Behind these principles is the consumerization of enterprise IT. The fundamental drive for flash is from mobile consumer products, and enterprise computing in support of consumers or enterprises rides on the coattails. Enterprise IT vendor innovation is and will continue to be primarily focused on and around hyperscale technologies built from largely consumer components. The greatest increase in enterprise vendor market value is likely to accrue to developers of new total enterprise application portfolios adapted to fit a business, rather than demand business change to fit the application.
This research is designed to help senior IT executives connect the dots between the different IT trends currently occurring, and assist in the development of optimal IT strategies. It will also inform very senior executives of software companies of the business potential of creating total enterprise applications with lower costs and much higher business value.
Case Study: The Changing Cost Of Database Systems
The case study is designed to illustrate the potential for rapid decline in the cost of IT computing for current applications. The fundamental technologies that drive this change are already tested and in place, although not yet in widespread deployment. This case study shows the dramatic reduction in database system cost determined by the increasing introduction of low-latency technology on existing applications. The next two sections will look at the reduction in costs from hyperscale and open-source technologies, and potential business benefits that accrue from the deployment of such technologies in enterprise applications.
Figure 1 takes the current infrastructure deployment cost of a tier-1 20-terabyte database (Column 1), and compares it to the costs of infrastructures optimized for low-latency and low-variance IO. Stage 1 (middle column of Figure 1) uses a configuration with very high percentages of flash storage using traditional SCSI IO protocols. Stage 2 (column three in Figure 1) introduces the impact of using server-based PCIe flash cards, which are implemented as an extension of processor main memory (DRAM).
Column 1, (Traditional, Disk, SCSI)
The cost of a traditional database infrastructure using Tier-1 storage using SCSI disk with little or no flash. The line items are a rearrangement of the detailed assumptions in Table 2 of a detailed study of Oracle best practice, with the additional of environmental and operational costs. This column represents the total 3-year infrastructure cost (including maintenance) of supporting a 20-terabyte database. Database licenses are the largest single component.
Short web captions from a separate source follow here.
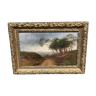 Oil on wood framed with a landscape, gilded frame.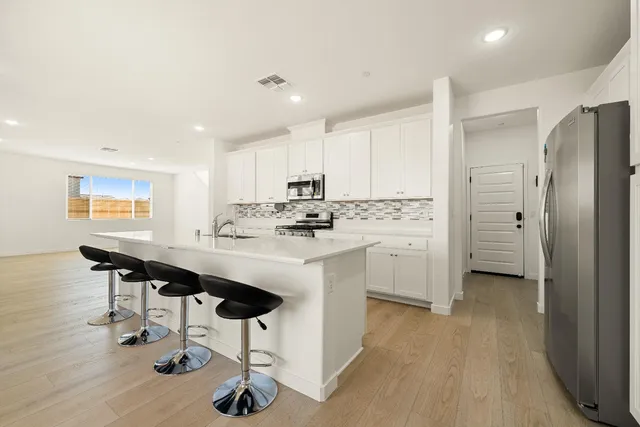 a kitchen with stainless steel appliances a sink a stove and microwave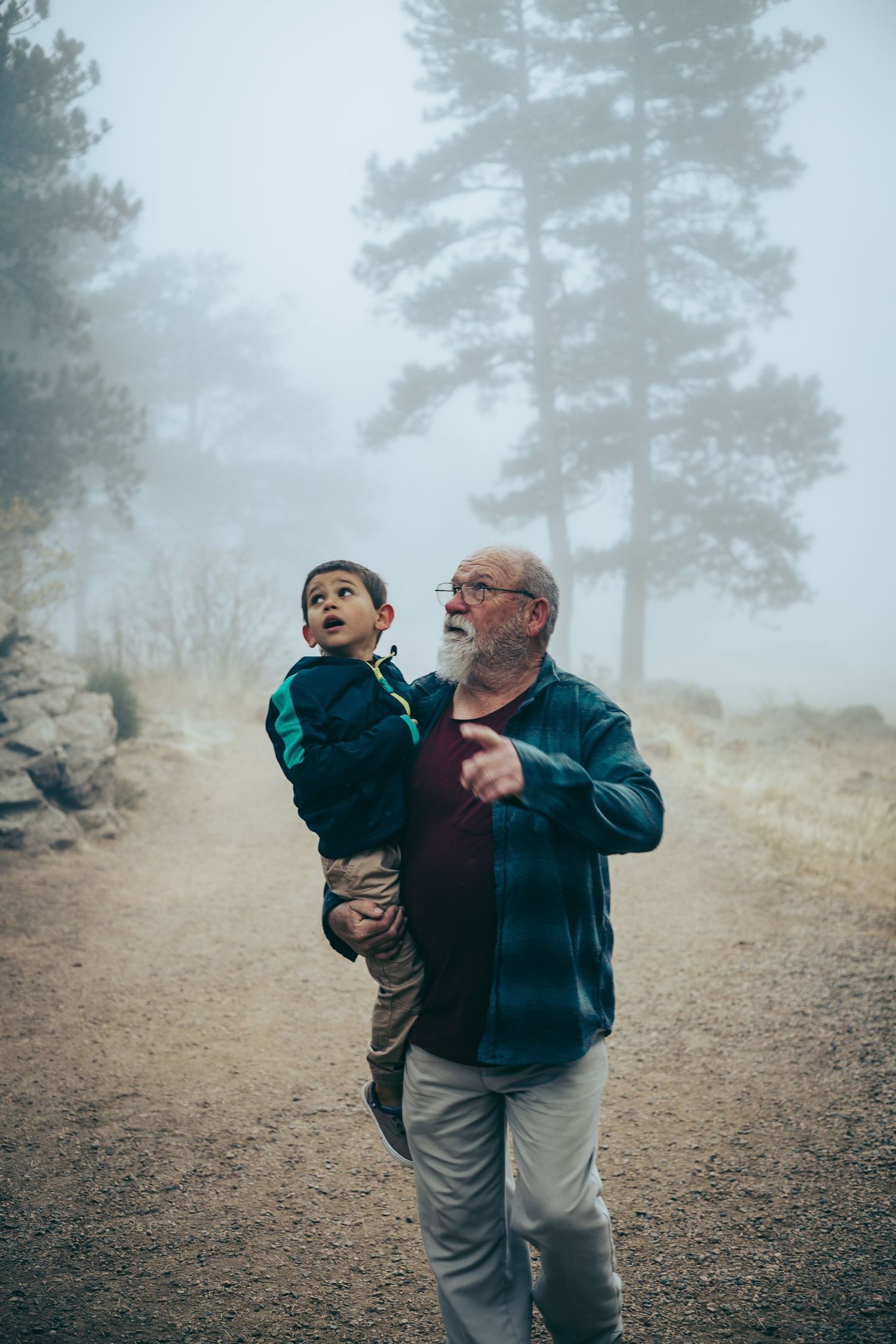 A caring moment shared between two generations while exploring a misty mountain trail.
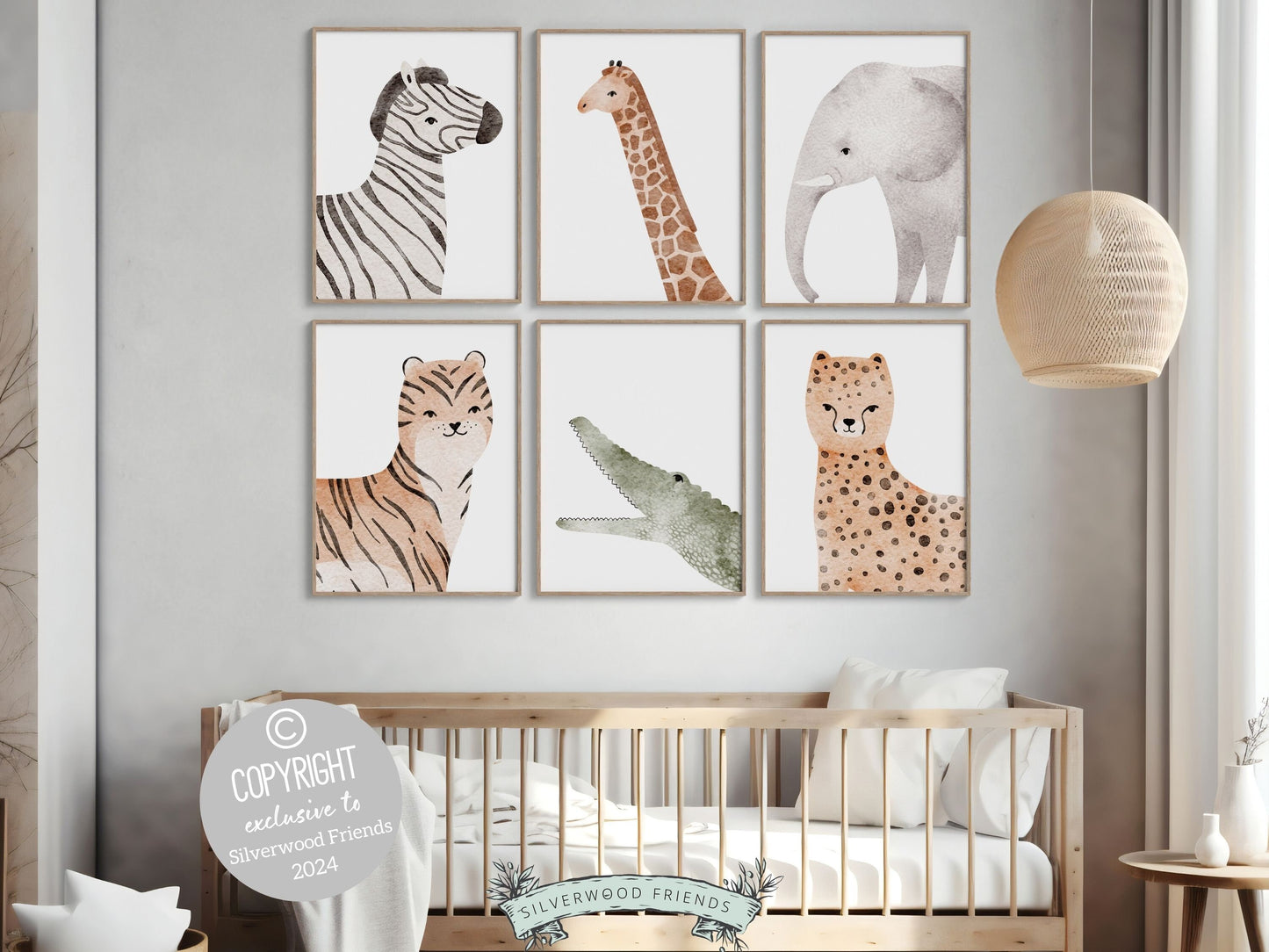 Safari Animal Nursery Prints Set of 6 featuring adorable watercolor safari animals. These delightful prints are perfect for your safari nursery decor and also make a lovely gender neutral safari baby shower gift.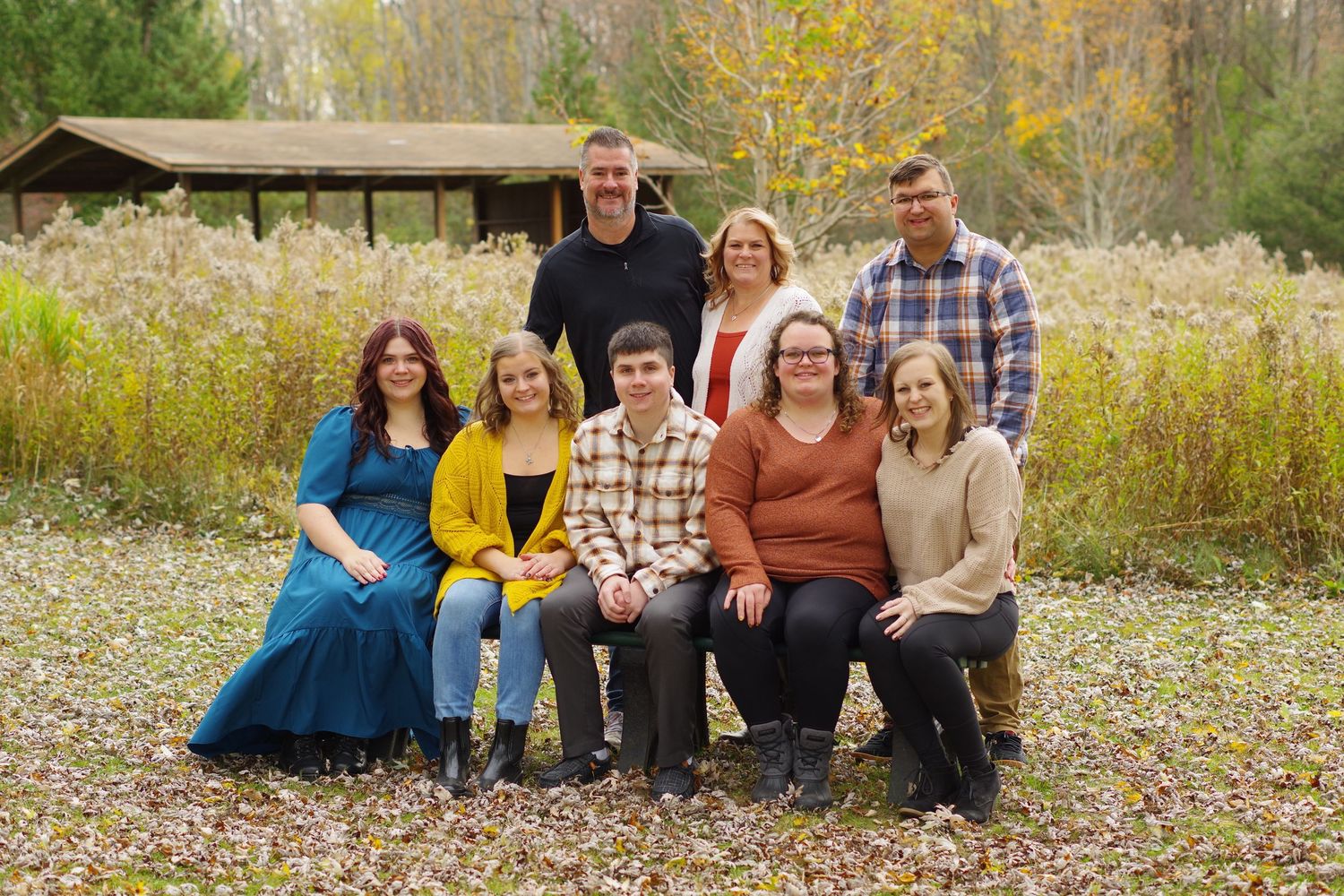 Large group sitting together on grass for outdoor autumn family photo.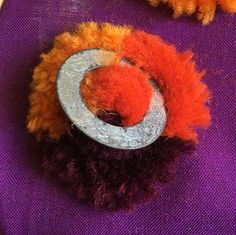 two orange and purple pom poms sitting on top of a purple table cloth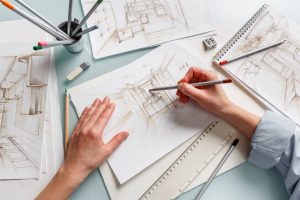Interior designer making hand drawing pencil sketch of a bathroom. Interior design projects concept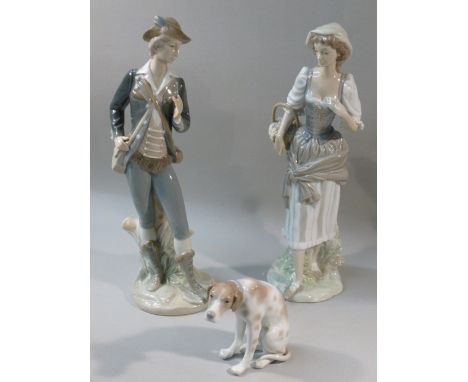 THREE LLADRO FIGURES COMPRISING A YOUNG MAN WITH SHOULDER BAG AND FLASK (H: 29.5 cm), A YOUNG WOMAN CARRYING A BASKET OF FRUI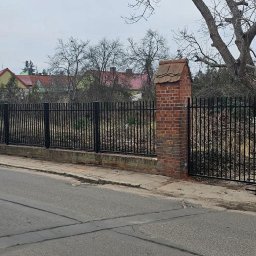 Krzysztof jarosz - Czarne, metalowe ogrodzenie posesji z bramą, wsparte na ceglanych słupkach z dachówką, widoczne z ulicy w pochmurny dzień.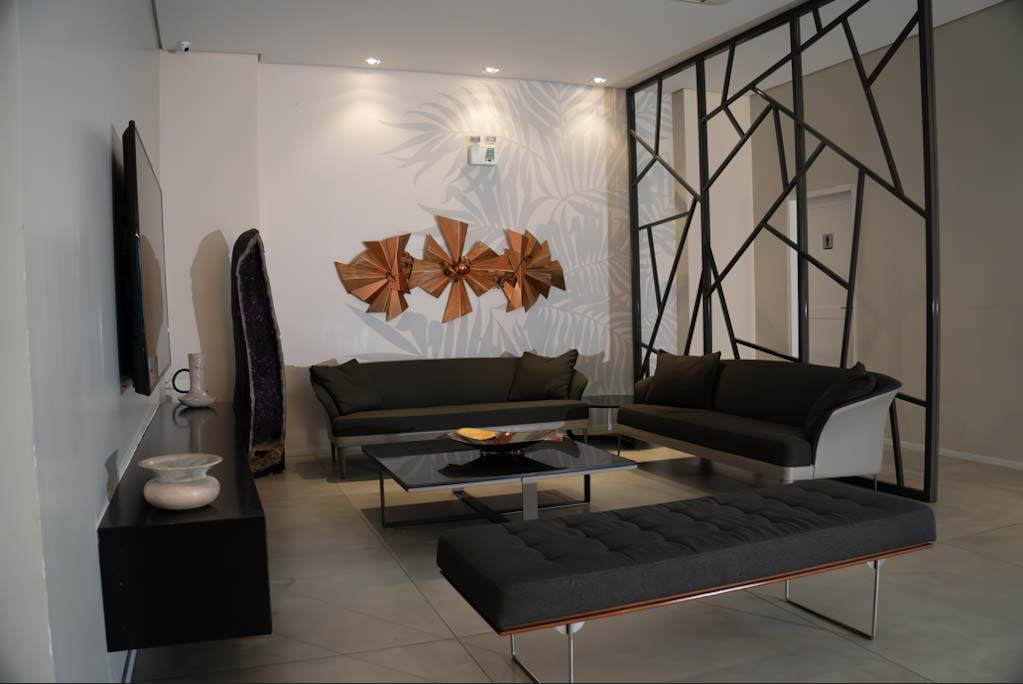 Sala de estar moderna com dois sofás, TV, decoração e divisória geométrica.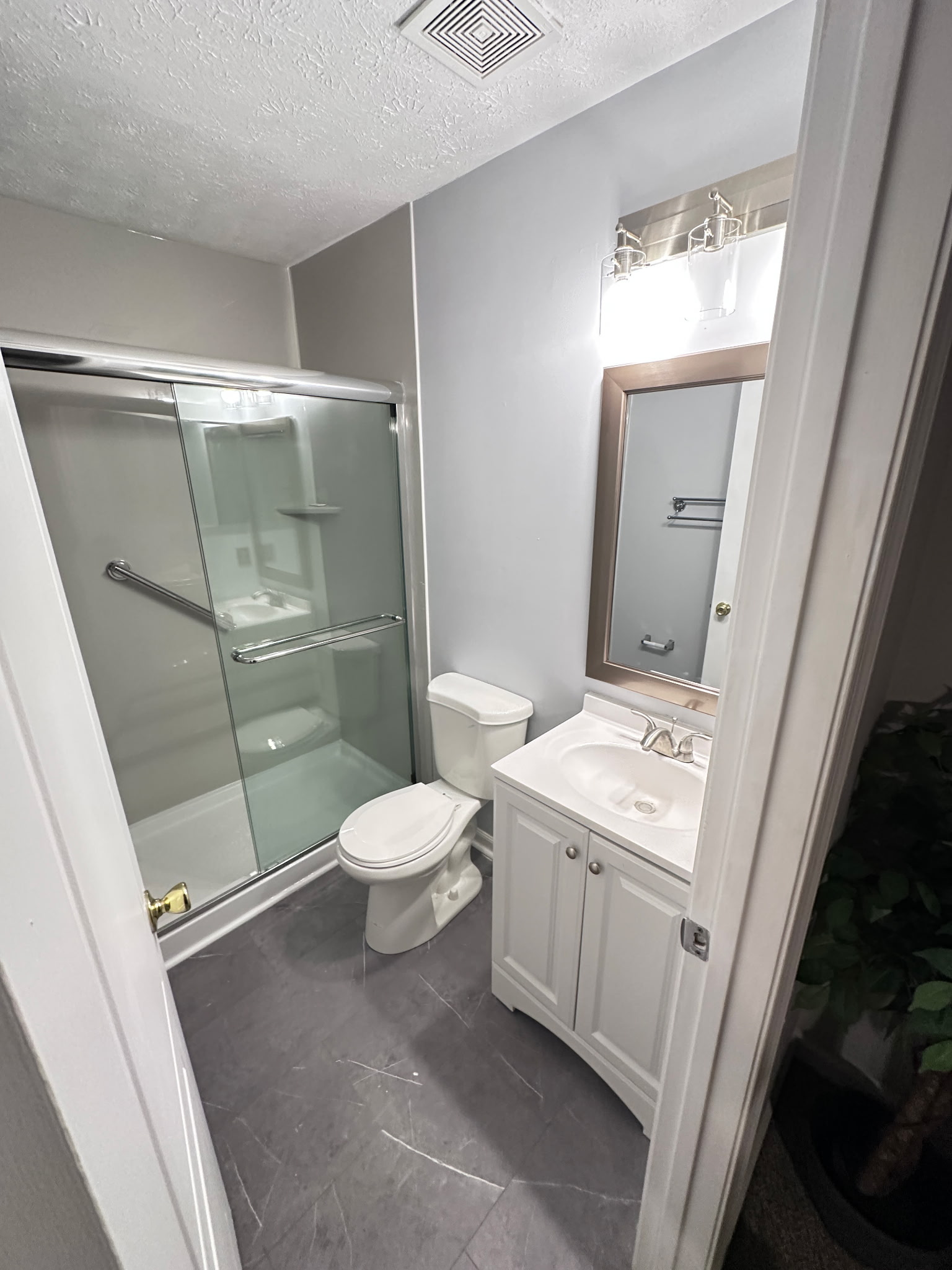 Bathroom with gray walls, glass shower, white vanity, and gray floor tiles.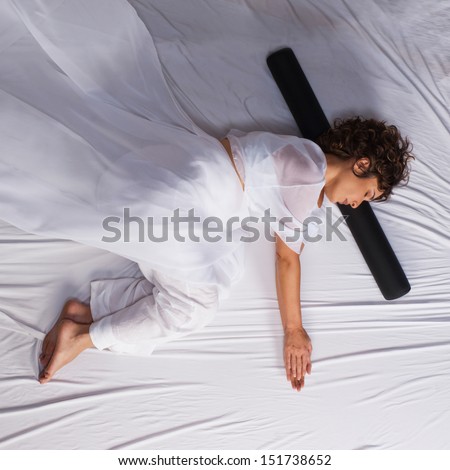 Woman in fetal position on white background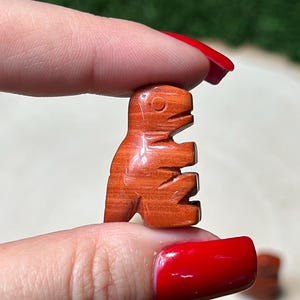 May include: A set of seven small, carved wooden dinosaur figurines. The dinosaurs are a reddish-brown color and are arranged in a circle on a wooden surface.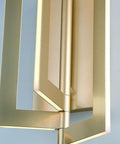 Close-up of Slick Modern Wall Sconce With Asymmetrical Fan Frame LED Light Featuring Water Mill Inspired Gold Finish.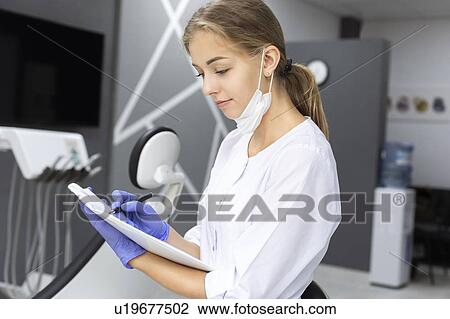 Stock Image - Dental assistant writing notes. Fotosearch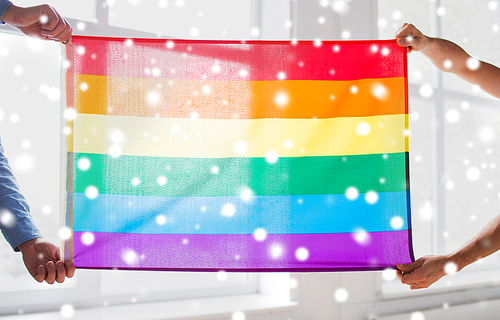 people, homosexuality, same-sex, gay and love concept - close up of happy male gay couple hugging and holding rainbow flag at home over snow effect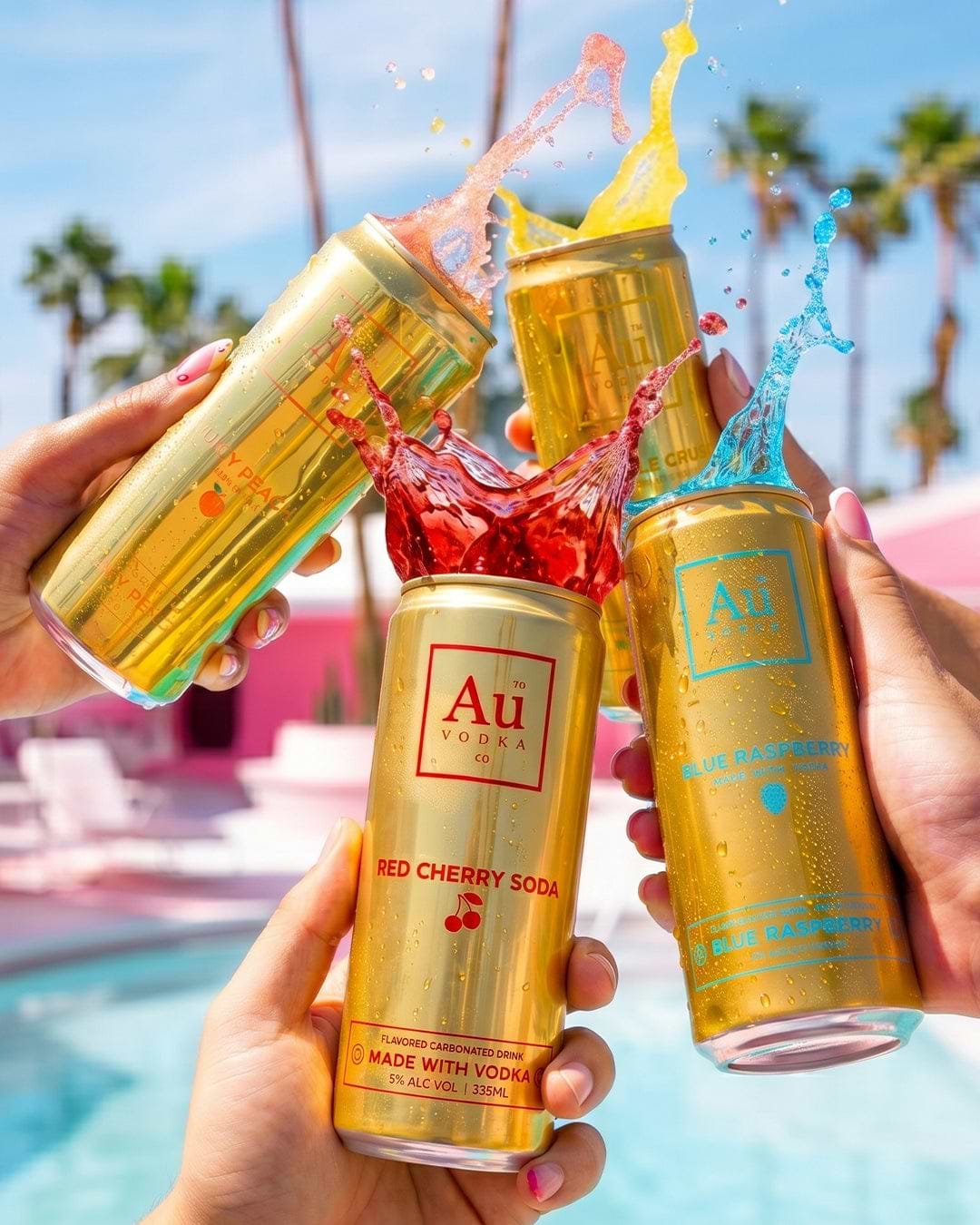 Four Au Vodka Co cans in Red Cherry Soda, Blue Raspberry, and Juicy Peach flavors with liquid splashing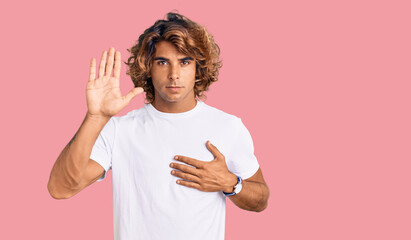 Young hispanic man wearing casual white tshirt swearing with hand on chest and open palm, making a...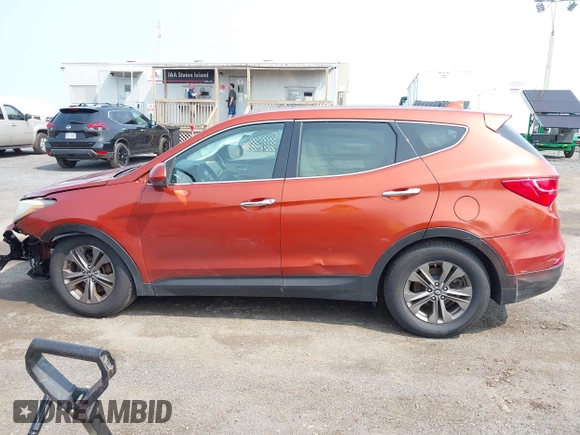 2014 Hyundai Santa Fe z VIN 5XYZTDLB0EG208769, wystawiony jako IAAI lot #42485411 z przebiegiem 82 173 mil mil oraz . Historia ofert i sprzedaży dostępna na DreamBid. Obrazek 14.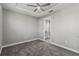 Cozy bedroom with gray carpet and access to bathroom at 6886 Wilson Hammock Ave, Groveland, FL 34736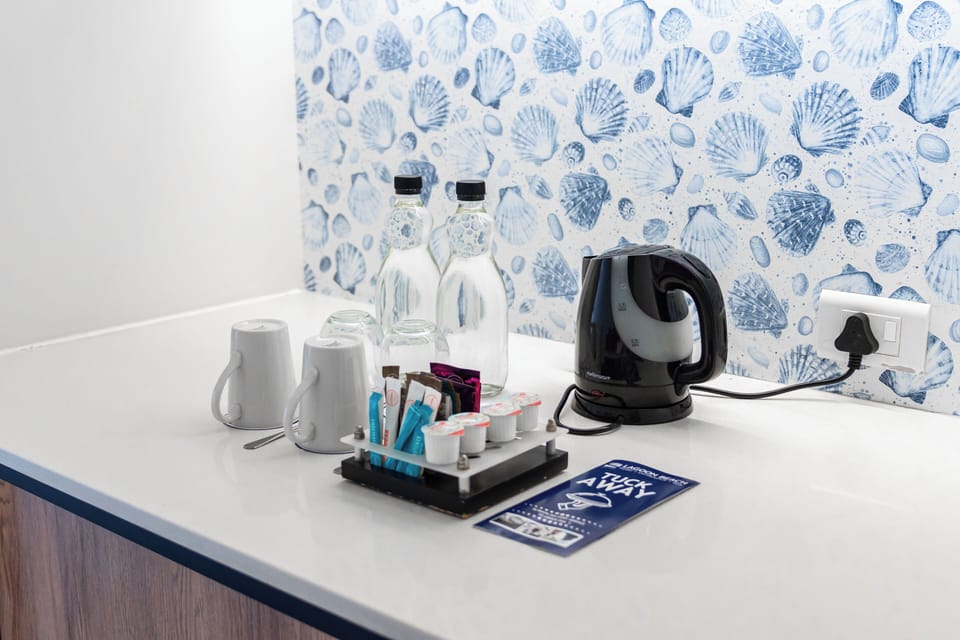 Premium bedding, down comforters, pillowtop beds, in-room safe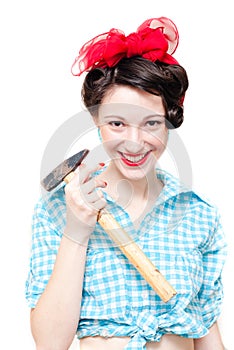 Funny pinup woman holding hammer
The average IO response time is in the 5-10 millisecond range, and the variance usually greater than 1,000. There is tremendous intellectual property build up around optimizing mechanical rust.
Column 2, (All or High % Flash, SCSI)
The details in this section can be skipped. The bottom line is spending money on faster and more consistent IO results in less servers, far fewer Oracle licenses and reduced cost. The average response time is 1-2 milliseconds, improving the response time in column one by a factor of 3-10 times, and variance (in an all-flash array) by up to 2,000 times.
- Details about Cost: The cost of database infrastructure with Tier-1 storage with at least 20% tiered flash, or an all-flash array with 100% flash. At this time (April 2013) there are no Tier-1 all-flash storage arrays in production, as defined by Wikibon, although Wikibon expects the functionality of all-flash arrays to improve to tier-1 functionality and availability by early 2014. The storage protocol is still SCSI. The mean IO response time is less than 2 milliseconds. The key impacts of additional spend on flash storage and optimized servers is to reduce the IO response time and variance. Key components of the database can be pinned, and a tiered storage system is assumed. The write IO time for log files is usually a critical throughput metric. The impact of improving IO response times is to reduce CPU IO wait time, and this in turn reduces system overhead and improves CPU utilization. The net effect is to reduce the number of cores required by about 37%. The detailed analysis of the reasons is given in the “Optimizing For CPU IO Wait Time” and “The Cost Impact Of Optimizing Database Infrastructure” sections of the report referenced above.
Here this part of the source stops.